# 15

Epistemic status: AGI safety story followed by contradictory alternative conclusions. My thoughts about this problem are still in flux. I somewhat randomly decided write it up and post it on Halloween, because the story can be read as a story about a ghost.

My main question is: has this problem been discussed or resolved somewhere already? Pointers or thoughts?

This problem came up in some provable AGI safety work I am doing, where I am trying to find ways to drive a wedge between the implicit axiomatic structure in many AGI agent models, and our understanding of reality. Here is the story.
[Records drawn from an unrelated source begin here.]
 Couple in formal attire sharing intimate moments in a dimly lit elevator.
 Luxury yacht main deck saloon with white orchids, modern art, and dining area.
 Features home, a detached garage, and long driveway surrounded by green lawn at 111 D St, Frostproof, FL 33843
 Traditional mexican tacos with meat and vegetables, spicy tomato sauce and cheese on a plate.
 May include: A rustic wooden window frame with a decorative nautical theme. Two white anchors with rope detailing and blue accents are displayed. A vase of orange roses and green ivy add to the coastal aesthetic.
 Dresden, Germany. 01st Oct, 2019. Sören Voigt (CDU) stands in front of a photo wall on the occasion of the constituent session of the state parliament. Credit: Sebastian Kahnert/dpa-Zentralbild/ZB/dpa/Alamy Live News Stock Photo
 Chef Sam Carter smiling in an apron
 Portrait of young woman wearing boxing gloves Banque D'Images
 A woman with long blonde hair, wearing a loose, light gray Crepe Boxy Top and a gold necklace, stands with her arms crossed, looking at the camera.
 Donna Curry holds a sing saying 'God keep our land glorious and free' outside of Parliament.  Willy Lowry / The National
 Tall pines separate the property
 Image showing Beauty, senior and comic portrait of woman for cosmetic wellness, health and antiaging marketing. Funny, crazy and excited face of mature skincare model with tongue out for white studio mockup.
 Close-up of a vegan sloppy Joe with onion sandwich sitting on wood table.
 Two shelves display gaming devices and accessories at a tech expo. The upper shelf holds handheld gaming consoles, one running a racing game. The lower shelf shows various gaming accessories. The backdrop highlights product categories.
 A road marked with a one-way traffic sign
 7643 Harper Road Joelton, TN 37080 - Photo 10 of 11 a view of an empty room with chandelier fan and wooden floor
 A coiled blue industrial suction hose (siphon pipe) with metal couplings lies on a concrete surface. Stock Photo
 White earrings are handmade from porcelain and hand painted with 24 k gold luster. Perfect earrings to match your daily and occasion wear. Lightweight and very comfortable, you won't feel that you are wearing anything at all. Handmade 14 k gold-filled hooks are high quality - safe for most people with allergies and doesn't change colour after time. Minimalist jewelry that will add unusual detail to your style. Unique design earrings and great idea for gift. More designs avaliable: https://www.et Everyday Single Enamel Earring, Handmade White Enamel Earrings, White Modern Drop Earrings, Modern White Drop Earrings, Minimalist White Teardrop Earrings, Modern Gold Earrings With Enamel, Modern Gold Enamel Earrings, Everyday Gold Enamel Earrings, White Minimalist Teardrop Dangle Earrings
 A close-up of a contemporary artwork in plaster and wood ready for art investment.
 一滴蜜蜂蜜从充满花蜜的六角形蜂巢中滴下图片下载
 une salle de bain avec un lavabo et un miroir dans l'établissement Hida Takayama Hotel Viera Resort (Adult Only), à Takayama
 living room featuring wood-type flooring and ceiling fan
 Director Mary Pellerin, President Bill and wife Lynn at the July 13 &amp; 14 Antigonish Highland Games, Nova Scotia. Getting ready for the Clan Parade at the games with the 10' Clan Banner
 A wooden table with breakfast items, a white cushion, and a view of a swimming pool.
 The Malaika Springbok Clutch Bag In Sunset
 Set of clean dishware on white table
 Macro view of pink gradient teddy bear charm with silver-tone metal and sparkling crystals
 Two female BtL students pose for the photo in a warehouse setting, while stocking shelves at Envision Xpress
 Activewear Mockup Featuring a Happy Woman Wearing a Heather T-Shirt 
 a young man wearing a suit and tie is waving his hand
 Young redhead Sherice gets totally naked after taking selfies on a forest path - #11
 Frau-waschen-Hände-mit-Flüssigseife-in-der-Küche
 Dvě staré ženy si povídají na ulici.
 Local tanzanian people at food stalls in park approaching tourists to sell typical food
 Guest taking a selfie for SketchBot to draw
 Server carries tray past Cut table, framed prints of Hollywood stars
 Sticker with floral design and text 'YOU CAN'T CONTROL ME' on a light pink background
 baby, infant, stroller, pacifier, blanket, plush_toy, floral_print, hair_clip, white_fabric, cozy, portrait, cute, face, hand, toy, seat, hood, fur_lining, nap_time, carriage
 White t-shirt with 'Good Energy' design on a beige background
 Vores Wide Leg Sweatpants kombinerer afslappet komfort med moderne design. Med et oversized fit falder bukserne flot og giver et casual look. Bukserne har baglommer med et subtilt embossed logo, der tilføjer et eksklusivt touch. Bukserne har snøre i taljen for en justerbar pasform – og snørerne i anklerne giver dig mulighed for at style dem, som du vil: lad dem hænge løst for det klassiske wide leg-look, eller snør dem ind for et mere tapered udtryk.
Dave's house has a robot butler called PAL. PAL is an intelligent agent in the shape of a little cart with a robot arm on top. Dave has just asked PAL to get him a cup of coffee. There are two routes that PAL can take to the coffee machine. The best one is the short route A, but there is also a longer route B.

PAL contains a computer that decides on the next action it should take by using a predictive world model. PAL considers different actions, running simulations to calculate the effect of each. A utility function is applied to the simulation outcomes to find the best action. For safety reasons, PAL's world model also predicts what Dave will do: this helps PAL to avoid colliding with Dave. Just before it was asked to fetch the coffee, PAL has improved its world model, allowing it to simulate Dave much better than ever before.

So Dave has just asked PAL to get him a cup of coffee. Dave is used to seeing PAL take route A to the coffee machine, and is initially puzzled because PAL is driving along route B. But then Dave has an epiphany. Dave knows with very high certainty that no PAL computer has ever made a mistake, so he can conclude with equally high certainty that he is no longer Dave. He is [Dave], a simulated version of Dave created inside PAL while it is computing the utility of taking route B. [Dave] has empirical proof that he is living in a simulation! This simulation epiphany fills [Dave] with a new sense of meaning: he not only knows his creator, he also knows the goals of his creator, and he knows how he can help. [Dave] picks up PAL and runs with it to the coffee machine.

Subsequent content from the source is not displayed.